Discrete, salient, or oscillatory stimuli entrain the alpha cycle in the brain (Spaak, de Lange, & Jensen, 2014; Mathewson et al., 2012). Furthermore, the massive literature on ERPs may represent a significant contribution from alpha-level entrainment (Klimesch, 2011; Gruber, Klimesch, Sauseng, & Doppelmayr, 2005; Makeig et al., 2002). These entrainment effects are consistent with the 5IB entrainment mechanisms in our framework, as described earlier, and entrainment is functionally important for aligning predictive learning with relevant salient or unexpected outcomes.
The pulvinar contributes to synchronizing alpha phase relationships across different brain areas (Fiebelkorn, Pinsk, & Kastner, 2018; Saalmann et al., 2012). This is consistent with the broad, convergent pattern of projections into the pulvinar from many different cortical areas, and the corresponding broad projections back out to these same areas (Arcaro et al., 2015; Shipp, 2003). Functionally, this convergence and synchronization are important for integrating the contributions from these different areas at the same time, to generate predictions over the pulvinar.

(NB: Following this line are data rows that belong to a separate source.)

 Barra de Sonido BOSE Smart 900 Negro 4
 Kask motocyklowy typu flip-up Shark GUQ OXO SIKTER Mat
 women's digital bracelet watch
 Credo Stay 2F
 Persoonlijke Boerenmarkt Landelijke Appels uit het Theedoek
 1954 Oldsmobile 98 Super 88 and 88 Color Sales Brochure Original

The theta cycle, composed of a pair of alpha cycles, organizes saccades as well as attentional, motor, and mnemonic processes (Fiebelkorn & Kastner, 2019). The theta rhythm is dominant in the medial temporal lobe and hippocampus and has been extensively studied there (Buzsáki, 2005; Kahana, Seelig, & Madsen, 2001). Furthermore, there is a sharp peak of saccade fixation durations at 200 msec, which suggests that two alpha cycles are typically required for complete processing of a given fixation. On the first cycle, the predictions from before the eye moved may be fairly vague depending on factors such as the size of the saccade and familiarity with the environment. However, after the first alpha cycle of a fixation, a subsequent postdiction phase can provide an important additional learning opportunity, to consolidate and more deeply encode the current fixation (computationally equivalent to an autoencoder). In addition, a mix of smaller saccades (including microsaccades) and larger saccades enables a range of more and less predictable outcomes on the first alpha cycle after the saccade and matches human behavior (Martinez-Conde, Otero-Millan, & Macknik, 2013; Martinez-Conde, Macknik, & Hubel, 2004).

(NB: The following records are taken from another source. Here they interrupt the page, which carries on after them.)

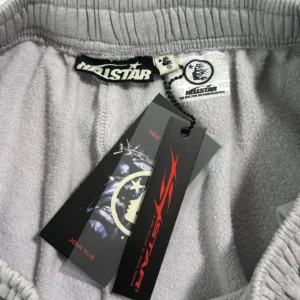 Helstar Sweatshirt gray fleece material with brand tags and NFC authentication label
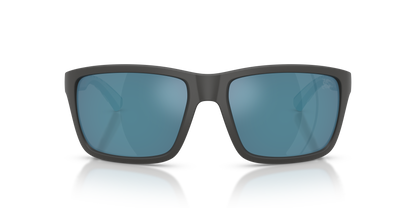 Burberry BE4483 Sunglasses in 423355 Matte Grey / Blu Specchio lens, front view
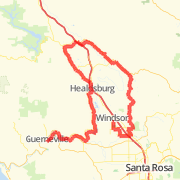Vineman 70.3 Bike 2012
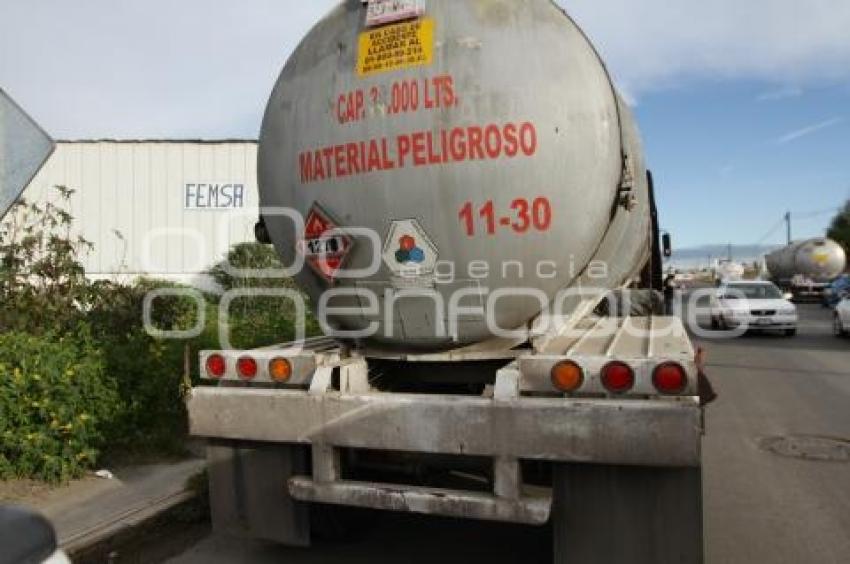 ROBO DE COMBUSTIBLE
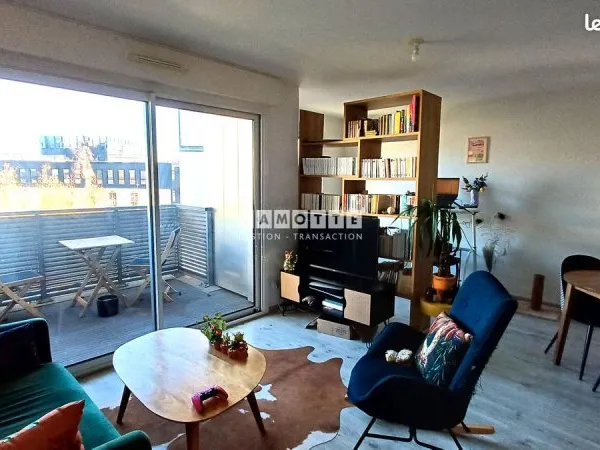 Appartement 2 pièces 46 m²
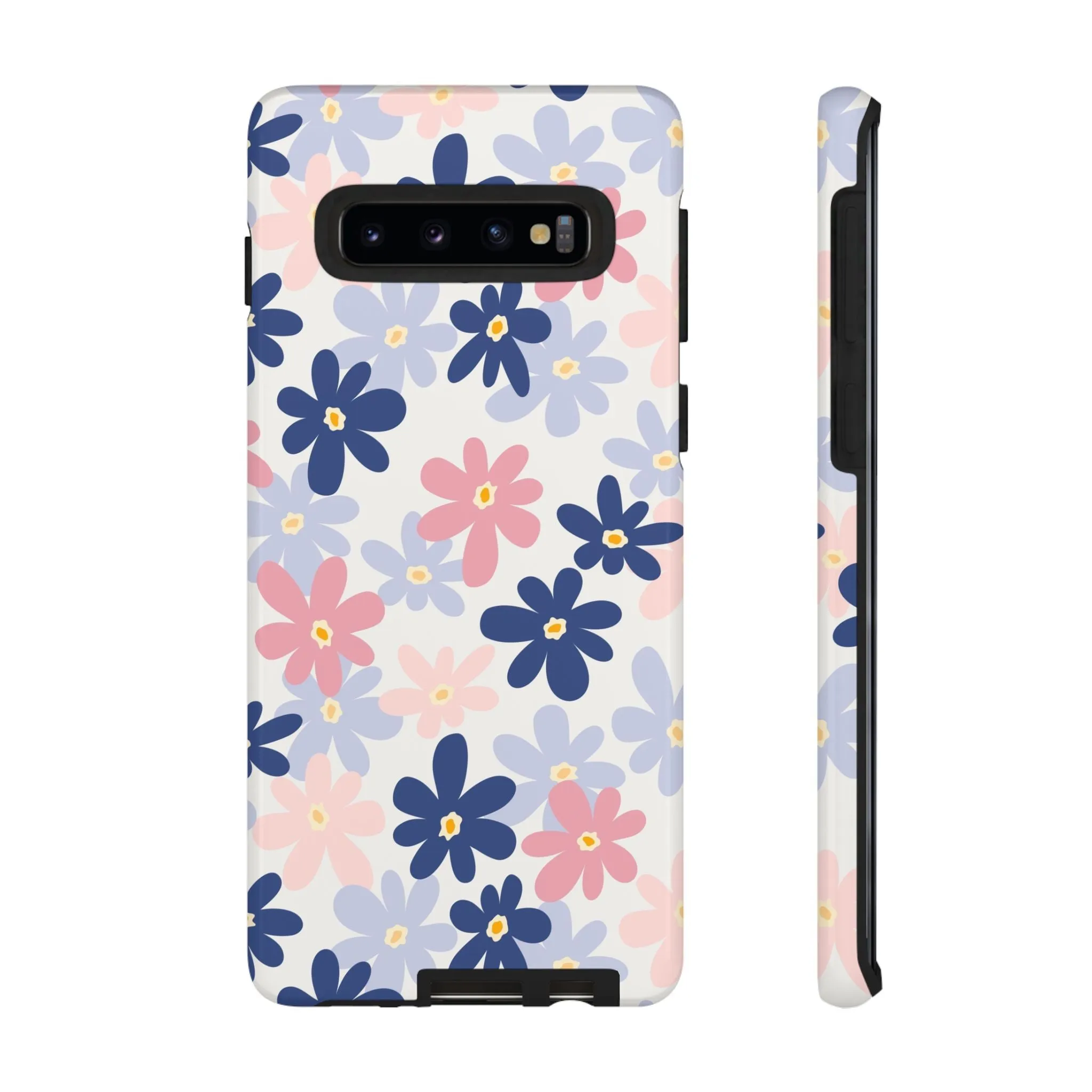 Graceful Blooms | Colorful Daisies Case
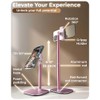 COOPER ChatStand, Soporte Ajustable para Teléfono Celular para Escritorio, Soporte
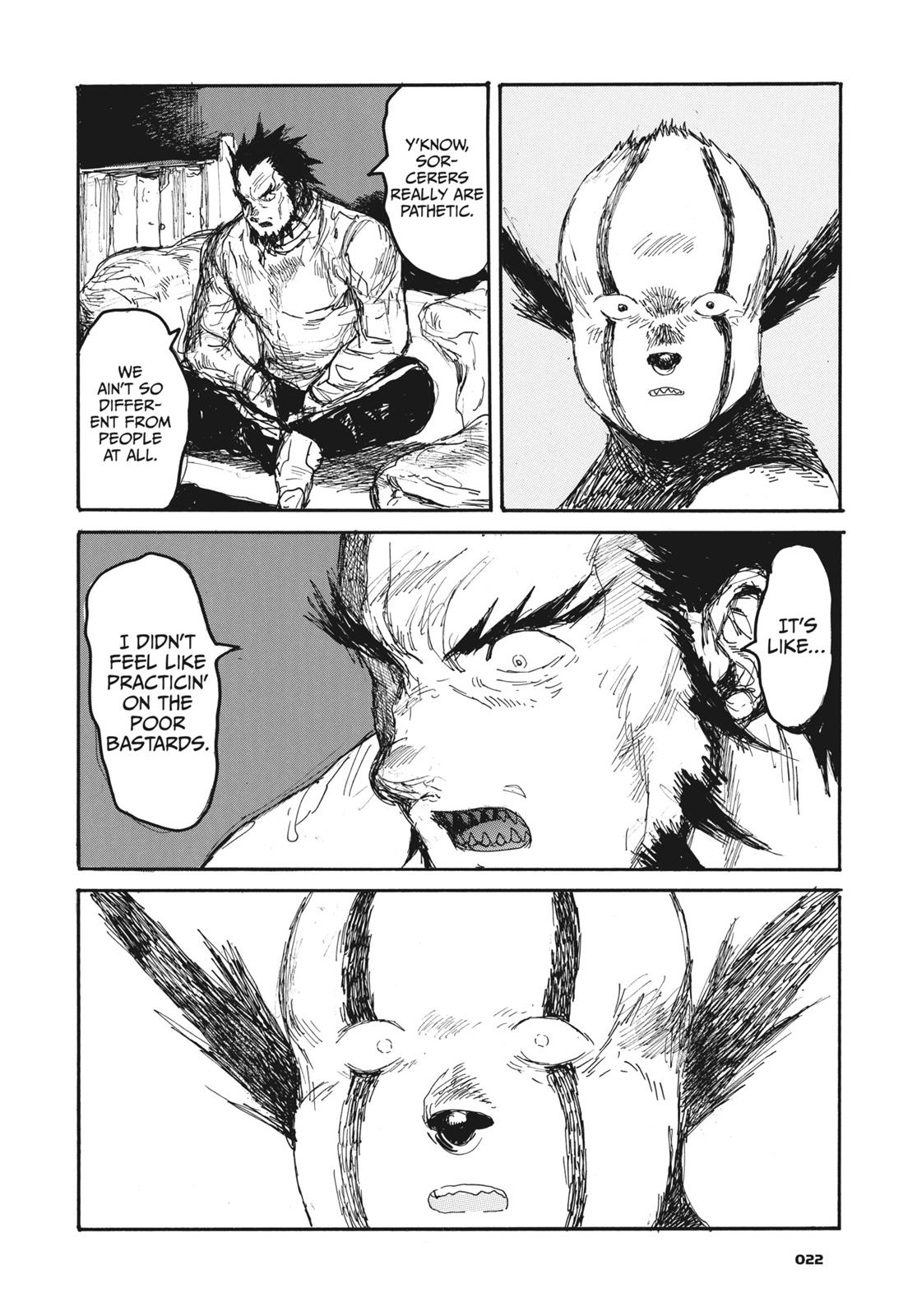 Dorohedoro Chapter 138 - Page 23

Putting all of these points together, a particularly effective way of testing the predictions of our framework would be measuring alpha phase changes emerging in the prestimulus period as a function of predictive learning in predictable sequential stimulus streams. In addition, it would also be important to examine theta- and alpha-cycle dynamics in relation to predictive learning in the context of attention, motor control, and memory processes, to better understand the larger systems-level temporal organization of learning and processing in the brain (Fiebelkorn & Kastner, 2019).

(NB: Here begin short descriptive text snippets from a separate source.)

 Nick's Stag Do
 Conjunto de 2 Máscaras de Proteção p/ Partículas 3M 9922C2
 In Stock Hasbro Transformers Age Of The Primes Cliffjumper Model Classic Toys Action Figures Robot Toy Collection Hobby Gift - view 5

Predictions for Predictive Learning
In this section, we enumerate a set of direct, testable predictions from our framework. Before doing so, there are several important considerations for any experimental test of the theory. First, the nature of what is to be learned must be matched to the pulvinar area in question. For example, learning a new variation of basic physics in movies at the alpha time scale (e.g., altering properties such as gravity, inertia, or elasticity) would be appropriate for the lower-level visual pathways. At higher visual levels (e.g., IT cortex), it might be possible to use simple sequences of different objects, although it is not clear to what extent the hippocampus or PFC might also contribute in this case (Fiser et al., 2016; Gavornik & Bear, 2014). To distinguish pulvinar learning effects from pervasive motor learning supported by other brain areas, it would be most effective to directly measure activity in the pulvinar and/or associated perceptual neocortical areas, instead of involving overt behavioral performance.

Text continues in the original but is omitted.